Short descriptive text snippets:
- Opening Delimiter -

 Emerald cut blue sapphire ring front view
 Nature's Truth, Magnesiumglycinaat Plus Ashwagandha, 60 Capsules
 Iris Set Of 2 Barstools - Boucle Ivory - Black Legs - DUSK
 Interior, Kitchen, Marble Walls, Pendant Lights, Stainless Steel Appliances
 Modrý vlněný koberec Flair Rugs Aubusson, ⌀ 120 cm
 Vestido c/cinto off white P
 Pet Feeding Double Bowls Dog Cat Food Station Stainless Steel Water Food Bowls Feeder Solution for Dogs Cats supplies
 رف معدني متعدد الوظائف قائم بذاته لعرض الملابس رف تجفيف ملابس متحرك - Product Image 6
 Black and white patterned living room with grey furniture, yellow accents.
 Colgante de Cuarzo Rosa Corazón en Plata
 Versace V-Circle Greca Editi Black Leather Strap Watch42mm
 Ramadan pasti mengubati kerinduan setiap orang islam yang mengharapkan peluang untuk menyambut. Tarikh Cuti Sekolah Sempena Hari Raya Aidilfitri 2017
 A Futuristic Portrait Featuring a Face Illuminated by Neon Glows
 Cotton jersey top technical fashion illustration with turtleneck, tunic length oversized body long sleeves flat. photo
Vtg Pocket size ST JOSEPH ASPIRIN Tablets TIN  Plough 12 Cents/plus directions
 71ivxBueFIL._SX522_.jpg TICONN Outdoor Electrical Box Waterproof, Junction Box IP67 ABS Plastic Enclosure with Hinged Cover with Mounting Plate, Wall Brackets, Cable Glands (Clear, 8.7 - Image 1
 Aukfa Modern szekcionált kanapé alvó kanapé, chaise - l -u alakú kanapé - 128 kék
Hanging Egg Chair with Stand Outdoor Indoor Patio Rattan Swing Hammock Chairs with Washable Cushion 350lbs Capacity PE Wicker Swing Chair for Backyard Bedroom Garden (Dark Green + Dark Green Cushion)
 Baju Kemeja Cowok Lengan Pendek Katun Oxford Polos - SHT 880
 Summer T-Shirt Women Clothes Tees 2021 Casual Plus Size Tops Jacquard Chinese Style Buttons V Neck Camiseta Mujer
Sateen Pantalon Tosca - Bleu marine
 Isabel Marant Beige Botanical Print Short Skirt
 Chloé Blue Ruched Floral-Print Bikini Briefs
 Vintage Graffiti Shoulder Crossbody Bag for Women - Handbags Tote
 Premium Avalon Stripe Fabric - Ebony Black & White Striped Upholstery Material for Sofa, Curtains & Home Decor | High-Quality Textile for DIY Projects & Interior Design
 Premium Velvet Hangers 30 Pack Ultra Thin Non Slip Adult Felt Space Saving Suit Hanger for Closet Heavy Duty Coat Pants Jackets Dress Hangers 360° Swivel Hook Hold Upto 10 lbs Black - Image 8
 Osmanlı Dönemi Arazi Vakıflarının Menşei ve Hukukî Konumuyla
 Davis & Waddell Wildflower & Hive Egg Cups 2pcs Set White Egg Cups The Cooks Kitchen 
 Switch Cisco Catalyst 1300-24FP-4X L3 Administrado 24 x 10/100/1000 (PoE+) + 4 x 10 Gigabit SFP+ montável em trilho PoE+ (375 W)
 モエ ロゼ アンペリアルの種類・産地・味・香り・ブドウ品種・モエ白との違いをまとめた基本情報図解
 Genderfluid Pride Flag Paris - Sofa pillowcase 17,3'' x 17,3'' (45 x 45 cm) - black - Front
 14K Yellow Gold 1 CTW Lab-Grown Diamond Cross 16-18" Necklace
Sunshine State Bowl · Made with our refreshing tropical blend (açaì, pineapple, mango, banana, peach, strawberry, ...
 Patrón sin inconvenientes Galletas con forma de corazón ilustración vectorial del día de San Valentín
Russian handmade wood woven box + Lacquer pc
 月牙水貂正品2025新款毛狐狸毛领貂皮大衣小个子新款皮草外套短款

- Closing Delimiter -

Every line of the records containing the word "Outdoor" must appear in the answer.

 71ivxBueFIL._SX522_.jpg TICONN Outdoor Electrical Box Waterproof, Junction Box IP67 ABS Plastic Enclosure with Hinged Cover with Mounting Plate, Wall Brackets, Cable Glands (Clear, 8.7 - Image 1
Hanging Egg Chair with Stand Outdoor Indoor Patio Rattan Swing Hammock Chairs with Washable Cushion 350lbs Capacity PE Wicker Swing Chair for Backyard Bedroom Garden (Dark Green + Dark Green Cushion)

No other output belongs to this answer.